Islamic Relief is welcoming a £2 million food aid boost in Yemen

By Islamic Relief

Islamic Relief is welcoming a £2 million food aid boost in Yemen

As Islamic Relief welcomes a £2 million United Nations funding boost to expand the food aid program in Yemen, IR warns that peace is needed as desperately as humanitarian aid.

Over 2 million people rely on food aid by Islamic Relief, the main implementing partner for the UN World Food Programme in Yemen. The organization distributes regular food parcels that are a lifeline for families such as Feteeni’s.

“We were living on the frontlines between the two warring parties,” says the father-of-9. “Our lives flashed before our eyes as the airstrikes hit many neighboring houses.
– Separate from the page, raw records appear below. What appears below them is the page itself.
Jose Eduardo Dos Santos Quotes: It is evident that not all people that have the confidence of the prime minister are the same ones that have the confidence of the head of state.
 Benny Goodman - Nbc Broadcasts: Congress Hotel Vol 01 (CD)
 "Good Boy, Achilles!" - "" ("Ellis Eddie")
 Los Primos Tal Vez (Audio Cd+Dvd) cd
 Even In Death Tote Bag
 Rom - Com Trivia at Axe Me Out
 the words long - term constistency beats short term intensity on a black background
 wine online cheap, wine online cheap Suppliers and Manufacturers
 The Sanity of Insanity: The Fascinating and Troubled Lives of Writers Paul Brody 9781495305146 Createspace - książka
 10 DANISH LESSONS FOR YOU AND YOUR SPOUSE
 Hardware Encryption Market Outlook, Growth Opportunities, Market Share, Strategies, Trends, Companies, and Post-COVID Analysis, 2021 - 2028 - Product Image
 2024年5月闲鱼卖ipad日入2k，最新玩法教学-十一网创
We had to flee to Sana’a.”

Although they escaped the frontlines of the war, the family could not escape hunger.

“Soaring prices made our lives go from bad to worse. Our only meal for the entire day is rice”, explains Feteeni, 62, who now receives food supplies through Islamic Relief.
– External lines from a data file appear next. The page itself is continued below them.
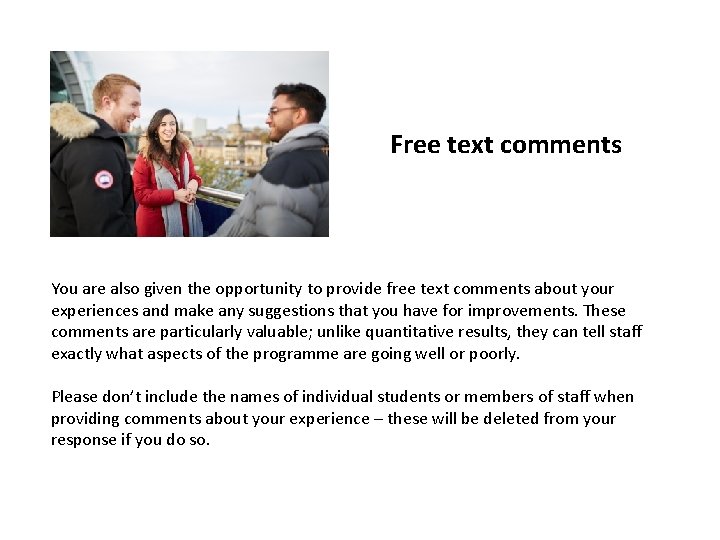 Free text comments You are also given the opportunity to provide free text comments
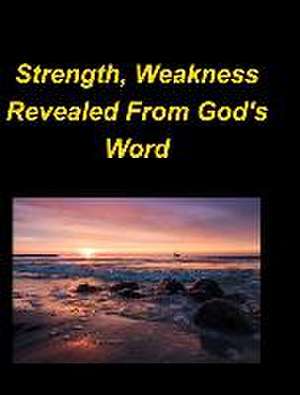 Strength, Weakness Revealed From God's Word de Mary Taylor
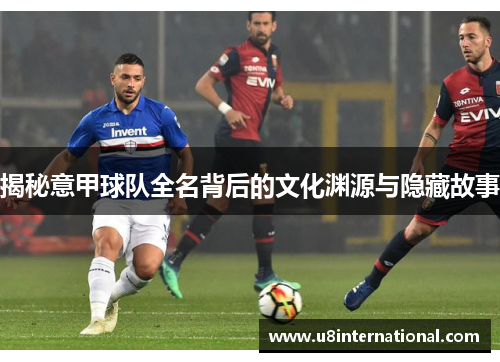 揭秘意甲球队全名背后的文化渊源与隐藏故事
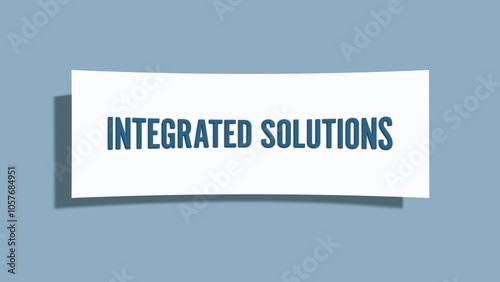 Integrated Solutions. A card isolated on blue background. photo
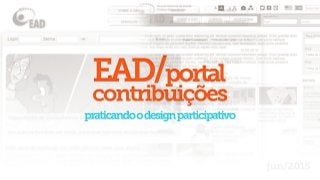 Apresentacao design participativo redesign portal ead/ensp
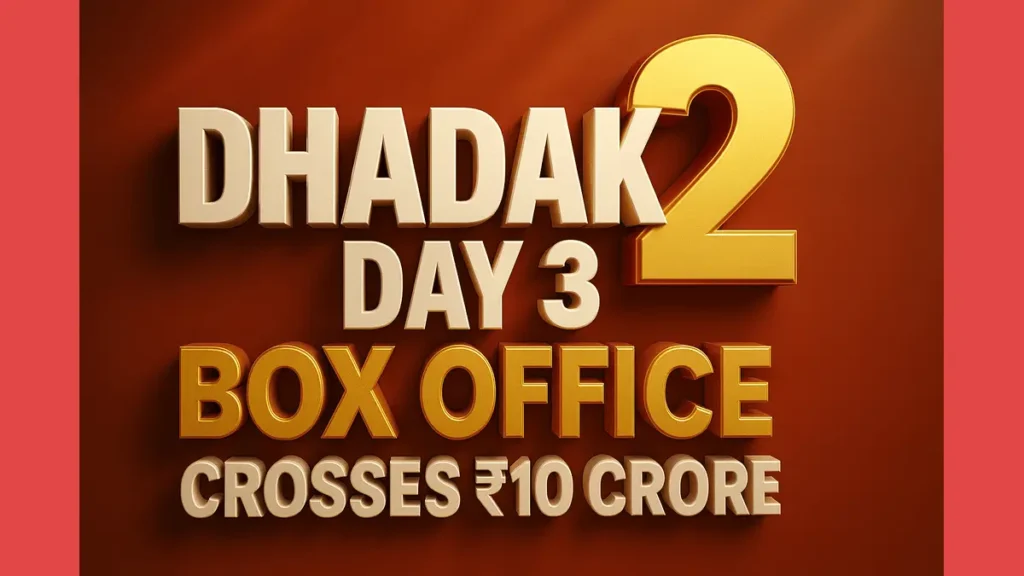 Box Office Day 3 Quiet Rise for Dhadak 2 (1)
“Every 2 months the organization provides us with a food basket including 70kg of flour, 10 liters of cooking oil, 5kg of beans, 5kg of sugar, 5kg of rice, and a sack of salt. The food basket alleviates our suffering, so we really appreciate all the support.”

Beyond food parcels

Other interventions we’ve been able to make with World Food Programme funding include enabling local people to improve their communities while earning an income.

“I do any job that I can find to provide for my family, says father-of-5 Ameen, a daily laborer who travels from village to village looking for work. “Before the conflict, we found work easily but now we barely find jobs.”

The badly damaged main road in Ameen’s village, Aljashari, made his daily quest to find work even tougher.

“Every day we walk for an hour, barefoot, to reach the main street. Vehicles can’t use the road because it is filled with debris, and we had so many accidents where the cars fell down the cliff.”

Ameen became one of 60 local people engaged in an Islamic Relief project to pave the road in his village.

“As well as the daily income that the organization provided for the work we did, we also benefit because the road can be used easily now. It only takes 15-30 minutes to reach the main road now.”

Ameen’s earnings from working to improve a road in his village helped him feed his family.

With the latest funding injection, IR will feed an extra 30,000 people, and the World Food Programme has pledged a further £10 million to support the vital work.

But much more is needed to halt Yemen’s slide toward catastrophe.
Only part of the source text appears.